The mass exodus from the Middle East is the latest in a fifty year flight from Islamist regimes to liberal democracy.
The world is suffering yet another refugee crisis borne of the Islamist world’s refusal to liberalise its social and political systems. Instead, many Islamist regimes continue to assert their rights in international relations without shouldering the coessential responsibilities.
For example, the OIC demands that the “international community” takes responsibility for people fleeing the Islamic world, but many members will not ratify the UN refugee convention or respect its provisions.
Refugees fleeing violent Islamist regimes are not guaranteed equal access to education, health care and employment in refugee-receiving nations of the Islamic world. Under Sharia law, many will continue to be treated as second or third class citizens if they are women, or belong to a religious minority such as Christianity. Consequently, they leave to find better lives in the West which guarantees equal rights of citizenship to genuine refugees.
Despite its failure to provide equal rights for refugees, the Organisation of Islamic Cooperation castigates the UN Security Council for failing to act on the Syrian crisis. However, the OIC’s wealthiest Gulf State members are not resettling Syrian refugees. Instead, they send cheques to the UN and expect other member states to do the hard and long-term work of resettling them.
According to Amnesty International, Qatar has not offered a single resettlement place to a Syrian refugee. Nor has the United Arab Emirates, Saudi Arabia, Kuwait, or Bahrain. In fact, recent investigations suggest Qataris have played a role in fuelling the Syrian crisis by funding terrorist groups in the region.

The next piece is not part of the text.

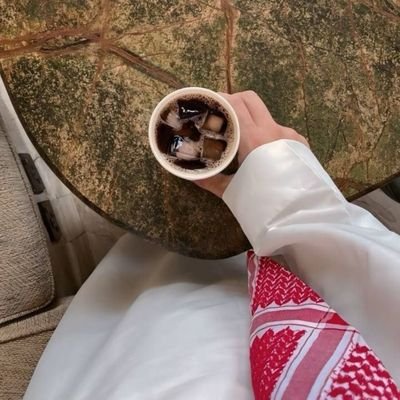 MazyaSaf's profile picture. مهما حدث بيننا، لا تنسي طريق العودة الي.♥️

شاعر فلسفة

The Syrian crisis was not created in a political vacuum and unless the Islamic world acknowledges its role in the tragedy, the temporary flight from Islamist terror will become a permanent feature of European border wars.
Already, some migrants have committed violence against police defending sovereign borders in Hungary and Greece. Rather than defend democratic citizens’ right to secure borders, EU leadership has attacked them.

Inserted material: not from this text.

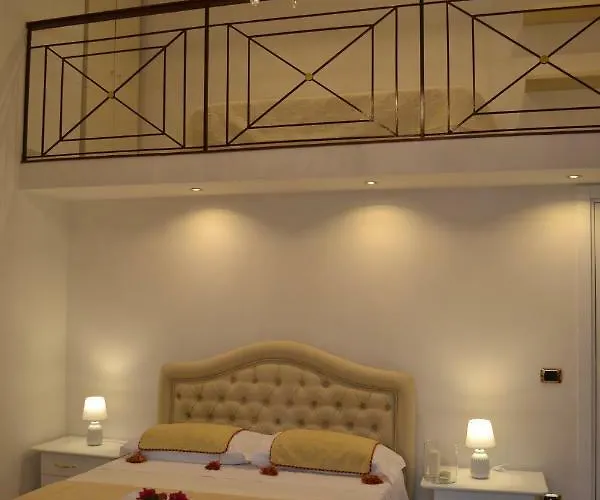 Dimora Real Maria נאפולי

In June, the EU foreign policy chief Federica Mogherini proposed that “political Islam” belongs in Europe – a declaration of allegiance to theocracy that should sit at odds with her socialist politics, but apparently does not.
The Hungarian Prime Minister Viktor Orban has come under sustained attack by EU leaders for defending his citizens’ rights to determine the destiny of their liberal democratic country. But the only crime Hungarians have committed is an earnest attempt to find a sustainable balance between economic survival and the long-term financial responsibility that accrues from rapid migrant and refugee intakes.

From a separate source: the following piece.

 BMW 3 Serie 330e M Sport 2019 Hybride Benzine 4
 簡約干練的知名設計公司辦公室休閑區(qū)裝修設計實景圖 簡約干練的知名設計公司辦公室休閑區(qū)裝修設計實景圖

The EU and world media have shown little sympathy for Hungarian people and citizens of other former Soviet states in their pleas to exercise reason in resettling migrants and refugees fleeing the latest Islamist crisis. There is substantial evidence to support the reasoned approach.
Many central European states cannot afford mass immigration due to decades of fiscal torpidity under Communism.
The much maligned Hungary has a youth unemployment rate of 18% and a national debt at 77% of GDP. Yet the EU and Western media continue to punish it for trying to survive.
Hungary cannot afford to resettle masses of Middle Eastern migrants and Syrian refugees, but Qatar and the Gulf States can.
What does the EU have to say about Gulf States’ responsibility for the refugee crisis? Nothing. Instead, it takes the lazy route of blaming Europeans and sowing PC agitprop.
We will not resolve the Syrian crisis using the same politics that produced it.
Until the Islamic world embraces liberal democracy, or a multi-party variant like the Tunisian model, the West will be left to pick up the pieces of the fractured societies and constant refugee crises that Islamist regimes produce.